But there are dreadful examples of comments all around, you are right
 
An example would be one of those MCAS disputes that erupted in comments, or the thirty comments that were moved here
Using comments to discuss an answer for instance, is misuse of comments
flagged it all for deletion – this is nice. I usually just say to OP to delete and I follow suit, easier for mods, usually works :)
took place for example here, no evidence left :D
 
The let's move this converstation to chat suggestion only appears after about 10 comments I think.
It would help if you could force that quicker.
 
It would be, sorry for the all caps, GREAT, if it actually moved the comments
 
Actually, don't flag all for deletion, as this generates a lot of noise for the mods. Just flag the last one and put in the comments to mods that you want it all eradicated. That seems to be easier for them according to Federico
 
Ah yes – I think Federico prefers flagging the post itself, which I do.
Though many times I don't flag, it feels burdening. It would be better if established users just didn't misuse the comments.
There's always Reddit for amusing comment sections after all
Back to your point, new user retention – I think it mostly depends on the user
More than the older users, I mean.
Writing good answers takes effort as you remarked, something many just don't want to do online.
I'm always trying to improve that, and it must be working; rarely now I get any comments on my answers 😂
Compare to the olden days. The downvotes had their intended effect you could say. Because I liked the site, and its quality, and wanted to add to it, I switched the mindset from that of the typical forums.
Just a hypothetical, let's say comments were disabled, and only voting remained.
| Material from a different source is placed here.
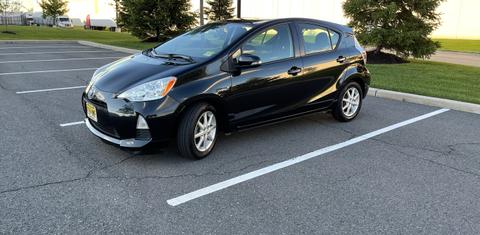 Toyota Prius c 2013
Would that provide a better new user experience? I doubt it. There will be zero disputes, but then they'll wonder why the downvotes, and also leave ¯\_(ツ)_/¯
And briefly back to my point, I wonder if SE cares about established users that stopped contributing, and considers reaching out to them. Maybe an analogy is a restaurant, one that markets everywhere to get as many new customers as possible, but fails to retain them and the older customers. Are there any public metrics on SE's user turnover? It would be interesting.
 
9:10 PM
I have create several queries on data.stackexchange in the past to look at our retention.
One that I recently recreated is this one: data.stackexchange.com/aviation/query/1381723/…
 
I think SE's model is that restaurant, but it's main business is the hotel upstairs; the private Q&A platform. But then are we just the mascot on the street? :D
 
You can set a reputation threshold (default 10 000) and a time-since-last-visit (default 90 days)
In some ways I sometimes feel we are the mascot indeed
 
I remember that one, I think I forgot to mention its update:
6
Q: Missing high rep users by last post date

ymb1This stems from a chat: We lost indeed quite a few high reputation people over the last year. Seven in total by the count of this query: https://data.stackexchange.com/aviation/query/1381723/which-high-reputation-users-have-we-lost The query checks last visit. I tried to fork it and check last ...

Bigger list as you see :(
 
Cool, I didn't know it had been forked
 
Well, if we're the mascots, shouldn't we demand clean streets? :P Nice twist there, and just kidding ;)
 
9:20 PM
@ymb1 Indeed much bigger. Quite few people who went from active to passive, but are still there.
Which, on one hand is a sad state of affairs, on the other hand it means that they may become active participants again under the right conditions.
 
10:20 PM
@DeltaLima agreed
 

« first day (2701 days earlier)      last day (1069 days later) »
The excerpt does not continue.